In the first quarter of fiscal 2006, cash used by operating activities was $12.6 million. The primary use of cash in the first quarter of fiscal 2006 was a $10.9 million increase in Trade Receivables related to the timing of tool shipments. Inventories increased $8.6 million. Work-in-Process contained five substantially complete tools totaling $5.2 million, three of which were shipped in January 2006. Net of the $5.2 million, inventories, primarily Work-in-Process and Raw Materials, have grown to support current and expected shipment volumes. The primary sources of cash from operations in the first quarter of fiscal 2006 were a $2.7 million increase in Customer Advances and a $3.7 million increase in Accounts Payable.
Investing activities in the first quarter of fiscal 2006 included $2.6 million in purchases of factory equipment and other property and the construction of a new facility in Austria. Investing activities also included net cash proceeds of $475,000 from the sale of marketable securities. We invested an additional net $570,000 in our development and demonstration laboratories by transferring finished goods inventory to property, plant and equipment. We also invested $218,000 in our patent portfolio.
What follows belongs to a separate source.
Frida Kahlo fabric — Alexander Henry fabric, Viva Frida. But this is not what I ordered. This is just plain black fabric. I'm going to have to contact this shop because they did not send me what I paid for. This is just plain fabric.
Financing activities consisted primarily of $28.0 million in cash proceeds from an equity offering of three million shares of common stock in December, net borrowings on our bank line of credit of $7.7 million, borrowings under long-term debt of $1.3 million for a new facility being constructed in Austria and $92,000 from the exercise of stock options.
In the first quarter of fiscal 2005, cash used by operating activities was $2.1 million. Inventories grew $4.5 million, primarily in Work-in-Process inventory, as we prepared to meet customer delivery dates in the second fiscal quarter. In addition to the growth in inventories, we also reduced our Accounts Payable balance by $3.4 million. Deferred Profit decreased because several Raider and other high value tools were accepted by customers during the quarter. The decline in Trade Receivables, partially offsetting the uses of cash described above, reflects both cash collections on prior period shipments and a slower shipments quarter in the first quarter of fiscal 2005. Other sources of cash during the quarter included net income of almost $5.0 million and an increase in Other Accrued Liabilities of $1.7 million.
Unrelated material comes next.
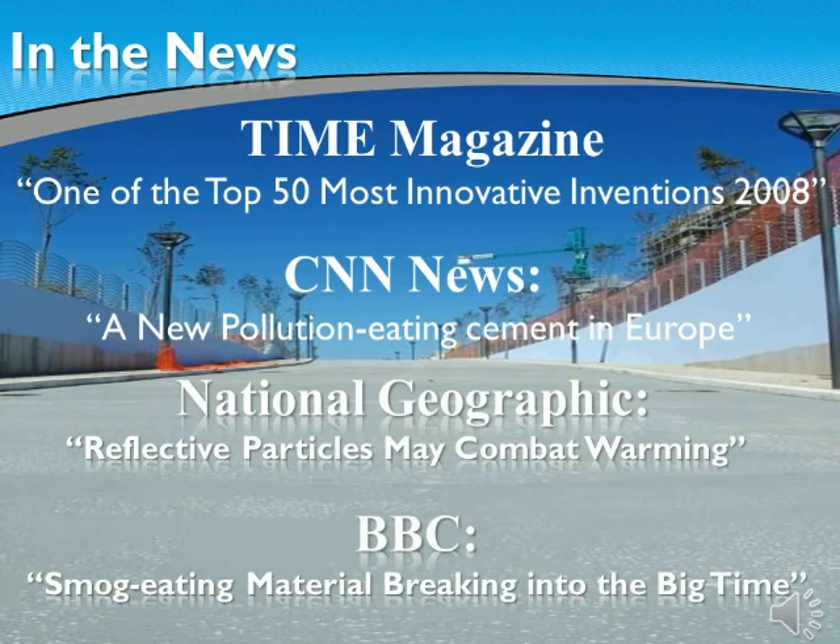Chosen as one of the top 50 most innovative inventions by Time Magazine, mentioned on CNN and made a documentary by National Geographic. The BBC says, smog eating material breaking into the big time. With more than 5,000 articles published in reference to our technology, this technology now comes to your city to clean, maintain and create a safer environment for generations to come.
Investing activities in the first quarter of fiscal 2005 included $900,000 in purchases of factory equipment, primarily tools built in-house for our own laboratories, and net cash proceeds of $1.1 million from the sale of marketable securities.
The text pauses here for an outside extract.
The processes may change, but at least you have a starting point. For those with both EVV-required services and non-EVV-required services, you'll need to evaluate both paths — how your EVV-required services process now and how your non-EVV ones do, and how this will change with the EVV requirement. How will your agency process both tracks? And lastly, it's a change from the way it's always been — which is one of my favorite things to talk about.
Financing activities in the first quarter of fiscal 2005 consisted primarily of cash received from stock option exercises of $141,000 offset by long-term debt repayments of $55,000.
As of December 31, 2005, our principal sources of liquidity consisted of approximately $28.7 million of cash and cash equivalents and $22.3 million available under our $30 million revolving line of credit. The credit facility is with Wells Fargo and bears interest at the bank’s prime lending rate or, at our option, LIBOR plus 2.25%. As of December 31, 2005, the prime lending rate was 7.25%. The revolving credit line expires on March 1, 2008. The credit agreement has various restrictive covenants including a prohibition against pledging real, fixed or intangible assets during the term of the agreement and the maintenance of various financial ratios. We are in compliance with our debt covenants. We are currently in negotiations with the bank for a long-term loan to finance the acquisition of additional manufacturing facilities in the Kalispell area.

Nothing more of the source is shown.